Plummeting Chinese space station not likely to hit Netherlands
Chinese space station Tiangong-1 is about to crash, sometime between Friday and Monday, experts expect. Where the space station will re-enter earth's atmosphere, and whether any debris will actually reach the earth, is still unclear. But it is very unlikely that the Netherlands will be hit, Stijn Lemmens of the European Space Agency (ESA) said to broadcaster NOS.
"In any case, physics is in Europe's favor", Lemmens, who is in charge of monitoring space debris for the ESA, said to the broadcaster. According to the agency, North and South America, Africa, Australia and South Asia are in the danger zone. "Then there is an area of about 1,000 kilometers by dozens of kilometers wide where the space debris may fall."
The Netherlands will be "completely spared", Lemmens emphasized. The country is far outside the impact zone. "And these kinds of space objects are anyway not built to survive re-entering the atmosphere." Most, if not all, of the space station will burn up in the atmosphere.
Tiangong-1 is China's first space station. It was launched to orbit around the earth in 2011. It weighs around 8.5 tons and is about the size of a school bus.
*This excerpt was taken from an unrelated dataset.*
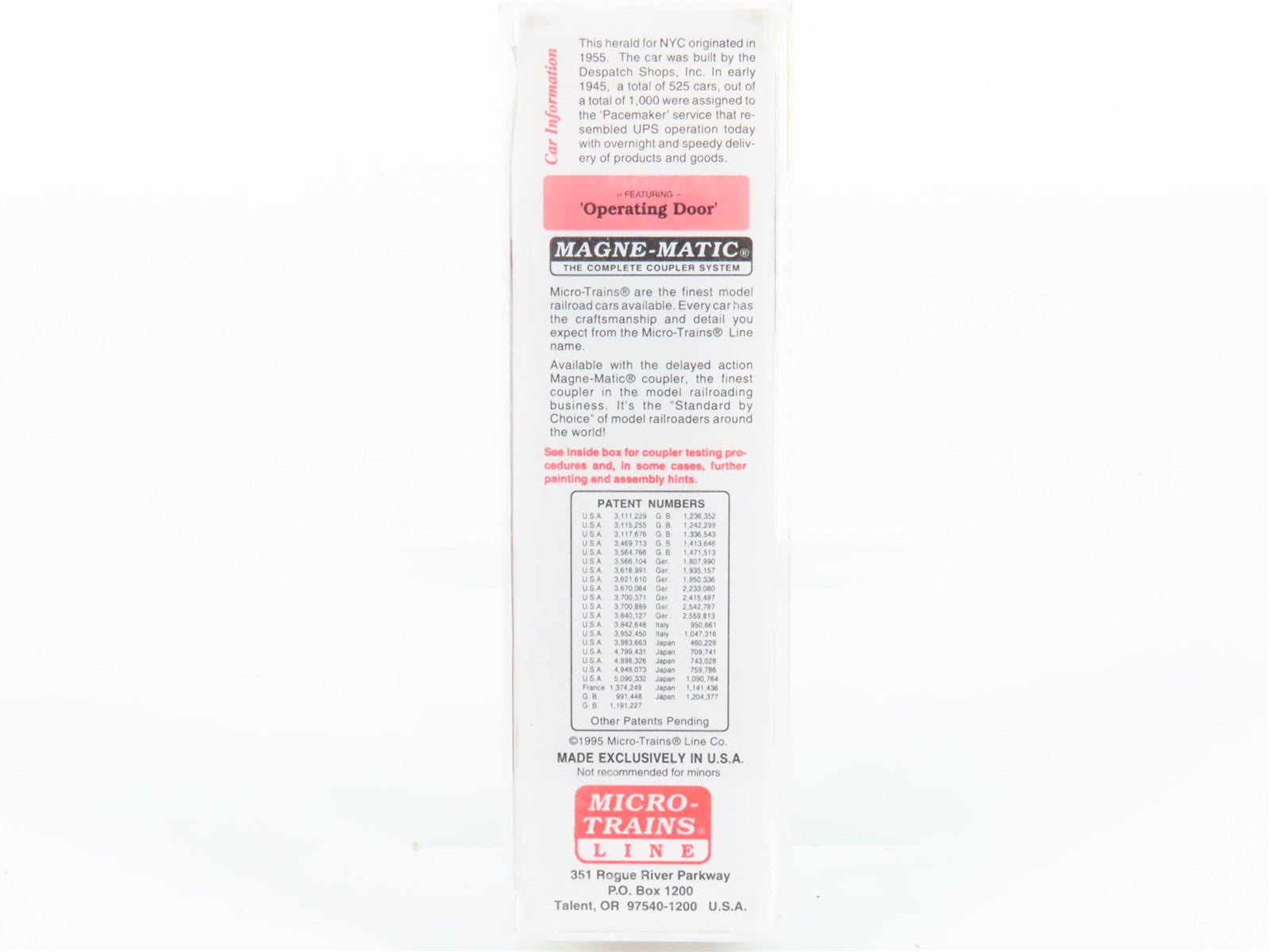 N Scale Micro-Trains MTL 20240 NYC New York Central Pacemaker 40' Boxcar 174710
Tiangong-1 was initially intended to be operational for two years, but the mission kept being renewed. According to ESA, China lost control of the space station in 2016. According to Reuters, earlier this year the Chinese still claimed that Tiangong-1 was under complete control.
On Monday Chinese scientists came to the conclusion that Tiangong-1 will soon hit the earth's atmosphere and meet its demise.
According to Lemmens, on average a satellite or component of around 100 kilograms re-enters earth's atmosphere once every two weeks. The largest object ever to plummet back to earth was Russian space station Mir, which weighed more than 120 tons. It crashed into the Pacific Ocean in 2001.
There is no reason to worry, Lemmens stressed. "Suppose you take all the fragments that normally come down in a year", he said to NOS. "The chance that someone is hit by a piece of space debris is then still a million times smaller than the chance that you will be struck by lightning."